■ **Task details**:
Your answer should consist only of the lines below from the one with "Yüksekova'da 07-08 Temmuz" through the one with "Pirelli P Zero Winter 285/30 R22 101W", copied exactly.

■ **Source information**:
****
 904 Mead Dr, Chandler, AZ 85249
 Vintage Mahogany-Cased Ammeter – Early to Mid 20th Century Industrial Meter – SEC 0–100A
****
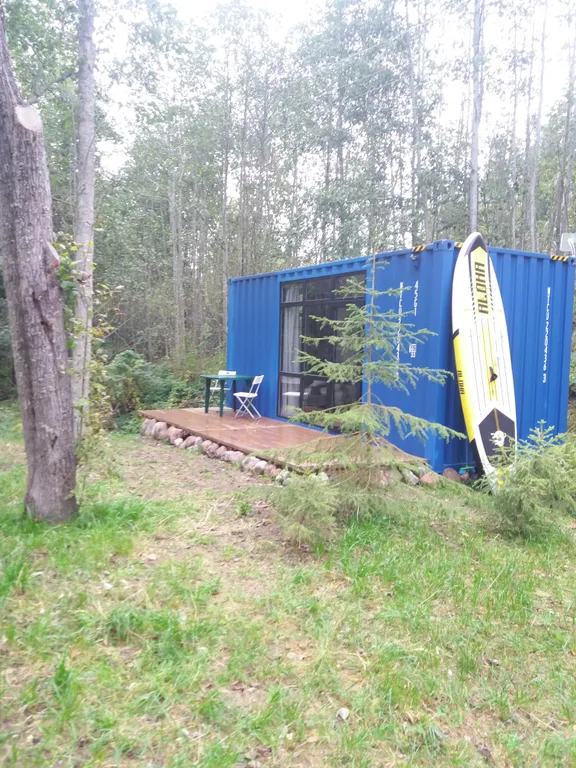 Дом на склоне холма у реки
****
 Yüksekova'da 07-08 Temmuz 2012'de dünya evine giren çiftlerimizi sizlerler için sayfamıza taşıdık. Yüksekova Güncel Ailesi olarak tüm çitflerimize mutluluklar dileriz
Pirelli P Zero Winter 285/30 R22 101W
****
■ **Answer box**:
 Yüksekova'da 07-08 Temmuz 2012'de dünya evine giren çiftlerimizi sizlerler için sayfamıza taşıdık. Yüksekova Güncel Ailesi olarak tüm çitflerimize mutluluklar dileriz
Pirelli P Zero Winter 285/30 R22 101W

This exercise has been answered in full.